* [EXERCISE PROMPT]:
Exclude the pictures, then copy all remaining records exactly.

* [TASK INPUT]:
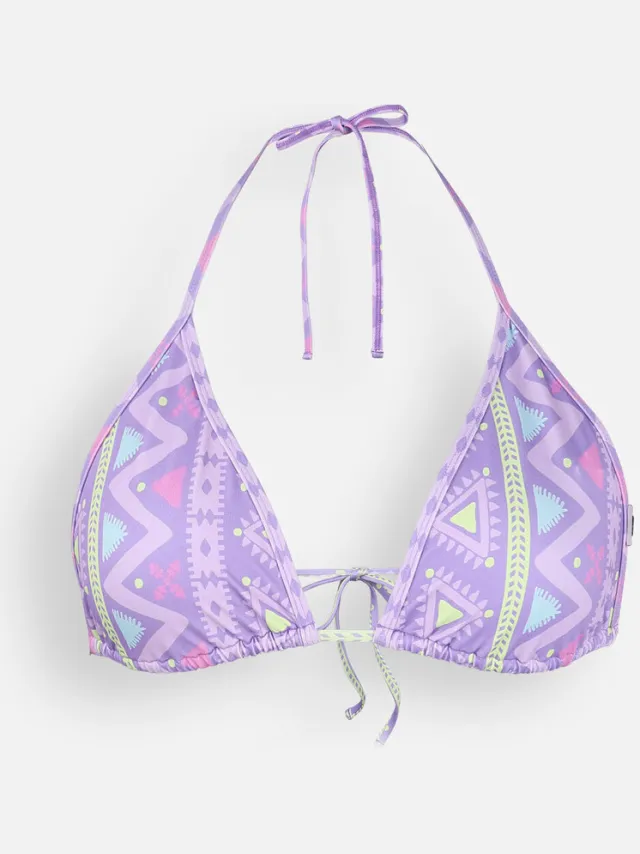 Oxbow Cardoso triangel bikinitop paars Multicolour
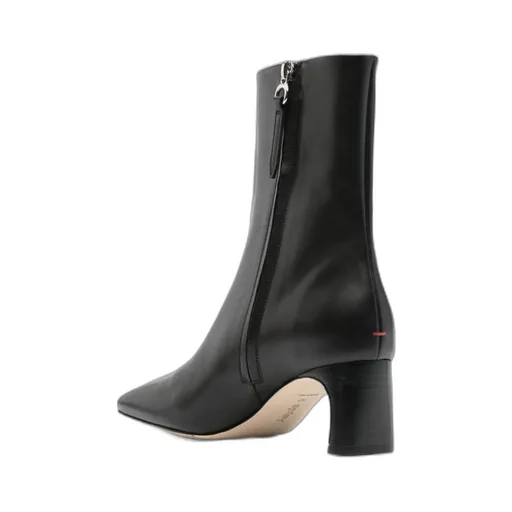 Square-Toe Ankle Boots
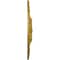 Ekena Millwork Ashley Ceiling Medallion (Fits Canopies up to 4 3/4"), 23 7/8"OD x 4"ID x 2 1/8"P, Pharaohs Gold CM23ASPGS - alternate 4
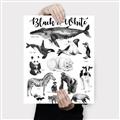 Picture of Black and white Animals _GroupedProduct_Rectangle_Portrait_Canvas_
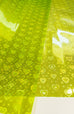 Lemon-Lime Iridescent Neon Heart PVC Vinyl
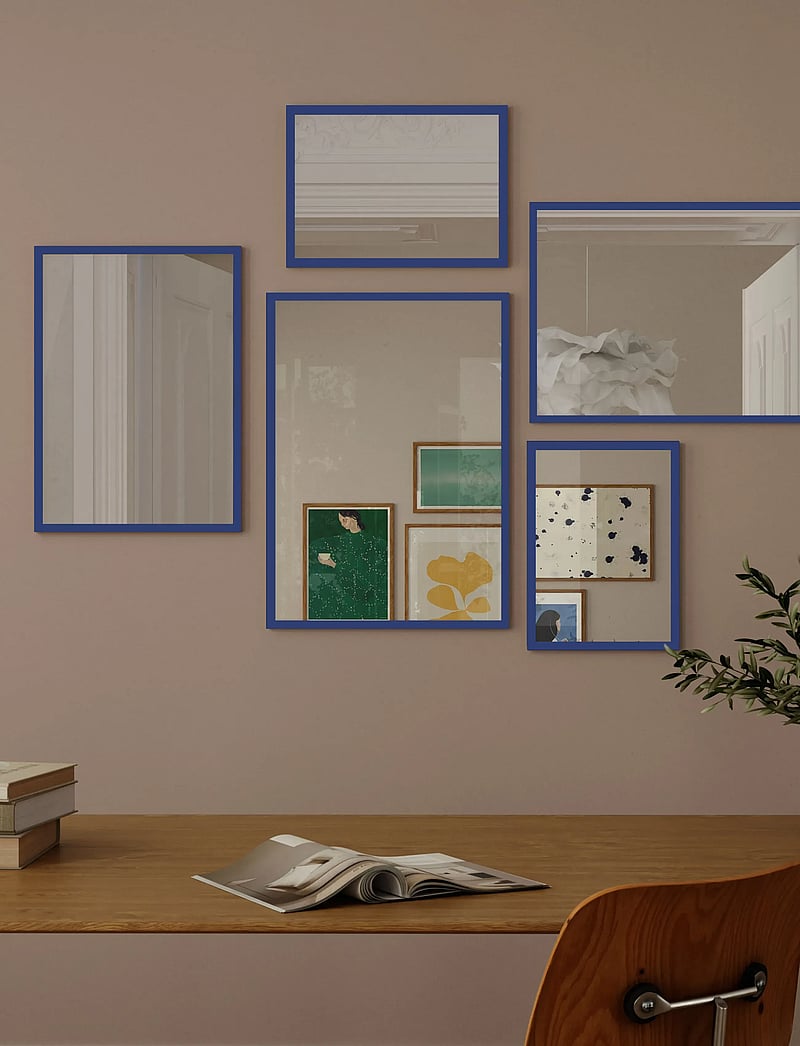 Poster & Frame - Blue Wood Mirror - sienas spoguļi - blue - 2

* [WRITTEN RESPONSE]:
 Oxbow Cardoso triangel bikinitop paars Multicolour
 Square-Toe Ankle Boots
 Ekena Millwork Ashley Ceiling Medallion (Fits Canopies up to 4 3/4"), 23 7/8"OD x 4"ID x 2 1/8"P, Pharaohs Gold CM23ASPGS - alternate 4
 Picture of Black and white Animals _GroupedProduct_Rectangle_Portrait_Canvas_
 Lemon-Lime Iridescent Neon Heart PVC Vinyl
 Poster & Frame - Blue Wood Mirror - sienas spoguļi - blue - 2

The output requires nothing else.